Records for this task:
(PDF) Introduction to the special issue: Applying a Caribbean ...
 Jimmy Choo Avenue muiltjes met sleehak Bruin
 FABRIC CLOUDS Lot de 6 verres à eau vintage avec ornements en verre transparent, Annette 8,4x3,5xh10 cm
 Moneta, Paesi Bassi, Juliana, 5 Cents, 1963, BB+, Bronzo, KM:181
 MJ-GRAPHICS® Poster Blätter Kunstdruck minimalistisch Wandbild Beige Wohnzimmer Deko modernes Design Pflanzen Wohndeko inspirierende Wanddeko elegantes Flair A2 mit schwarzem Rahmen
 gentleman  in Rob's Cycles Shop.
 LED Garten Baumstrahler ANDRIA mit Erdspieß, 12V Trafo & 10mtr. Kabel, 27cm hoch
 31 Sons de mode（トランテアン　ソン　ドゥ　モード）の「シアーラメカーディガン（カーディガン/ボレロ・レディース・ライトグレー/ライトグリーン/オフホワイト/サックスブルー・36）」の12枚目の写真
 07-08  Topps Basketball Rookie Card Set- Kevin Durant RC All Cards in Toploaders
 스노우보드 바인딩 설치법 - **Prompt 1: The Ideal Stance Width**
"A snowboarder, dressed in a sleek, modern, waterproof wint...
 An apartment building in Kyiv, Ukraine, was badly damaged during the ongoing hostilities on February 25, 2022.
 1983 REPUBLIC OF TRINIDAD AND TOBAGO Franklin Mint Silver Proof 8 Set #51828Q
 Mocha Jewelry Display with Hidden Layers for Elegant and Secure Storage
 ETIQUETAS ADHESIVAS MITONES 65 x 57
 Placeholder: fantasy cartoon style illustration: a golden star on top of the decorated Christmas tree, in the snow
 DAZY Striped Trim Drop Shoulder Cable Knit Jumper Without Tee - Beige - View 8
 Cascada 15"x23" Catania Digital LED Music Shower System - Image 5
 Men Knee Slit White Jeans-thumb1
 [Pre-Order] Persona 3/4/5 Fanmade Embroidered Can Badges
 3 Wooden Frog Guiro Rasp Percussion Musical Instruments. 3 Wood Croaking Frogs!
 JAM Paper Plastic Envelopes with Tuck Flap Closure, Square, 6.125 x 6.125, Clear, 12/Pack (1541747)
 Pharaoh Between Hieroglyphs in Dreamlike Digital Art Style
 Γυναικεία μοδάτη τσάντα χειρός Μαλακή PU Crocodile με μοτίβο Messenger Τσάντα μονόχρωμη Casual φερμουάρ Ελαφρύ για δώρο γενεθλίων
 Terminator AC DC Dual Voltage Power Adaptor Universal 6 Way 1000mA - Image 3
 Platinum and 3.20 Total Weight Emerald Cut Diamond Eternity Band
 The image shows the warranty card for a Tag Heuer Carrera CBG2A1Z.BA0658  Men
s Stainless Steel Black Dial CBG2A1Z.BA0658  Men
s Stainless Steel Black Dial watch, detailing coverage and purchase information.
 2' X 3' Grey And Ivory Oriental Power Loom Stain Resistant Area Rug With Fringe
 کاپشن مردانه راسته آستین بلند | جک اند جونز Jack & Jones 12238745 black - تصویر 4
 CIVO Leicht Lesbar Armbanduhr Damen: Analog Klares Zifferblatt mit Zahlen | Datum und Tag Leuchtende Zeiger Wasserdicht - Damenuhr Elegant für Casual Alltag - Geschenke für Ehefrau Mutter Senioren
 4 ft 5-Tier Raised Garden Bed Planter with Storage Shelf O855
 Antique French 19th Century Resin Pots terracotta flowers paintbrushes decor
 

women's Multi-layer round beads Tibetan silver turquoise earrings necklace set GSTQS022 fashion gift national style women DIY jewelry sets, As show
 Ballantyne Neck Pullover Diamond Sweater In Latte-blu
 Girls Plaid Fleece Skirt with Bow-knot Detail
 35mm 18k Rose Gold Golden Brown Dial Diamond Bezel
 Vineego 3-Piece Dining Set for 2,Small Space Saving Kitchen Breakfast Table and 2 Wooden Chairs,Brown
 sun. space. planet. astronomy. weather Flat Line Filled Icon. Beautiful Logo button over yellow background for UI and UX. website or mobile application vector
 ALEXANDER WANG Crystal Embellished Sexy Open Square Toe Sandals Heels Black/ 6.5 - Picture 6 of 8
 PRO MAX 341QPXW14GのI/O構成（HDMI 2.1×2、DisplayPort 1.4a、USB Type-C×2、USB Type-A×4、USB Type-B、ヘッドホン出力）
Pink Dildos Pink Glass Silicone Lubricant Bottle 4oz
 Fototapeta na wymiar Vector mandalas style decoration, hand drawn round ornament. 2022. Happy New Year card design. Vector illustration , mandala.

Assignment: In the listing above, transcribe exactly everything from the line containing "Mocha Jewelry Display" down to the line containing "Pharaoh Between Hieroglyphs", including both and nothing more.

Result of this task:
 Mocha Jewelry Display with Hidden Layers for Elegant and Secure Storage
 ETIQUETAS ADHESIVAS MITONES 65 x 57
 Placeholder: fantasy cartoon style illustration: a golden star on top of the decorated Christmas tree, in the snow
 DAZY Striped Trim Drop Shoulder Cable Knit Jumper Without Tee - Beige - View 8
 Cascada 15"x23" Catania Digital LED Music Shower System - Image 5
 Men Knee Slit White Jeans-thumb1
 [Pre-Order] Persona 3/4/5 Fanmade Embroidered Can Badges
 3 Wooden Frog Guiro Rasp Percussion Musical Instruments. 3 Wood Croaking Frogs!
 JAM Paper Plastic Envelopes with Tuck Flap Closure, Square, 6.125 x 6.125, Clear, 12/Pack (1541747)
 Pharaoh Between Hieroglyphs in Dreamlike Digital Art Style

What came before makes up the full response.